Your instructions
Leave the pictures out and quote only the lines from the one with "absurd_res arms_tied bound" down to the end of the listing below.
★ ★ ★ ★ ★
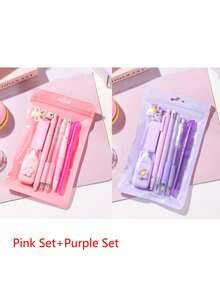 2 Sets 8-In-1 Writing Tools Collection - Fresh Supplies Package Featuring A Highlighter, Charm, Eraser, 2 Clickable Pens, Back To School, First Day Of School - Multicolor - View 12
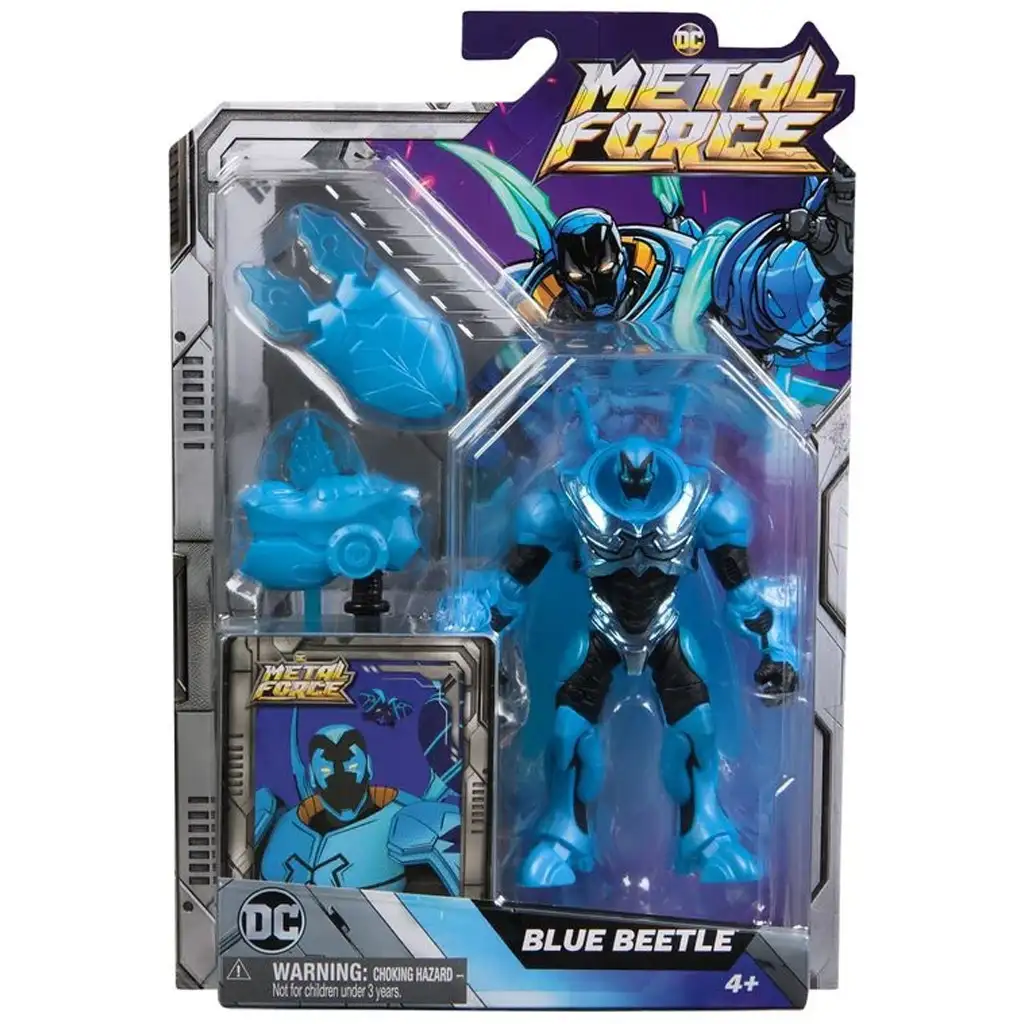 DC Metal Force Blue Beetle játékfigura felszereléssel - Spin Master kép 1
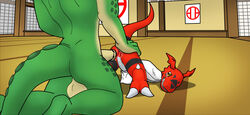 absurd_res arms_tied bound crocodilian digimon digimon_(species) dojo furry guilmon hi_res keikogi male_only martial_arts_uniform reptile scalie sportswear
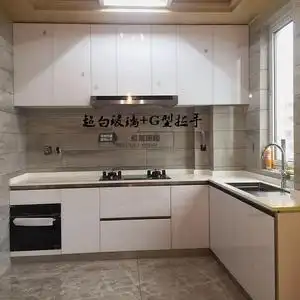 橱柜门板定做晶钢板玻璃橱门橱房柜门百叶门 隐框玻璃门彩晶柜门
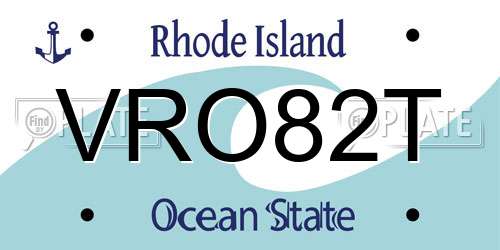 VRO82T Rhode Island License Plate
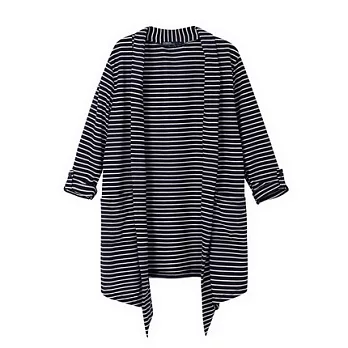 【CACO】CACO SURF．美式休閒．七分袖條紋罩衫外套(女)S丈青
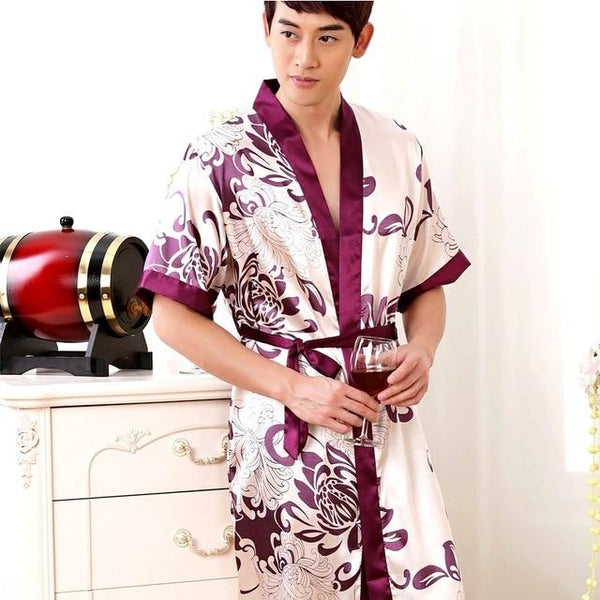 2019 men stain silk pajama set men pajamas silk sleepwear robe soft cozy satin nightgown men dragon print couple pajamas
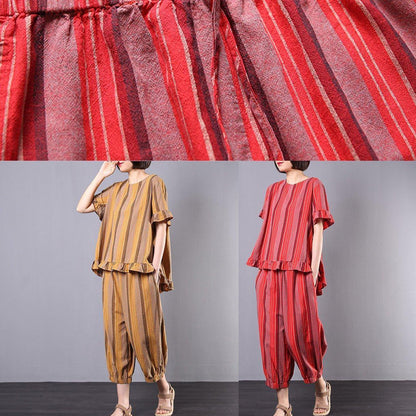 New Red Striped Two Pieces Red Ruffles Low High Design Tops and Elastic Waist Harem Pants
★ ★ ★ ★ ★
Reply
 absurd_res arms_tied bound crocodilian digimon digimon_(species) dojo furry guilmon hi_res keikogi male_only martial_arts_uniform reptile scalie sportswear
 橱柜门板定做晶钢板玻璃橱门橱房柜门百叶门 隐框玻璃门彩晶柜门
 VRO82T Rhode Island License Plate
 【CACO】CACO SURF．美式休閒．七分袖條紋罩衫外套(女)S丈青
 2019 men stain silk pajama set men pajamas silk sleepwear robe soft cozy satin nightgown men dragon print couple pajamas
 New Red Striped Two Pieces Red Ruffles Low High Design Tops and Elastic Waist Harem Pants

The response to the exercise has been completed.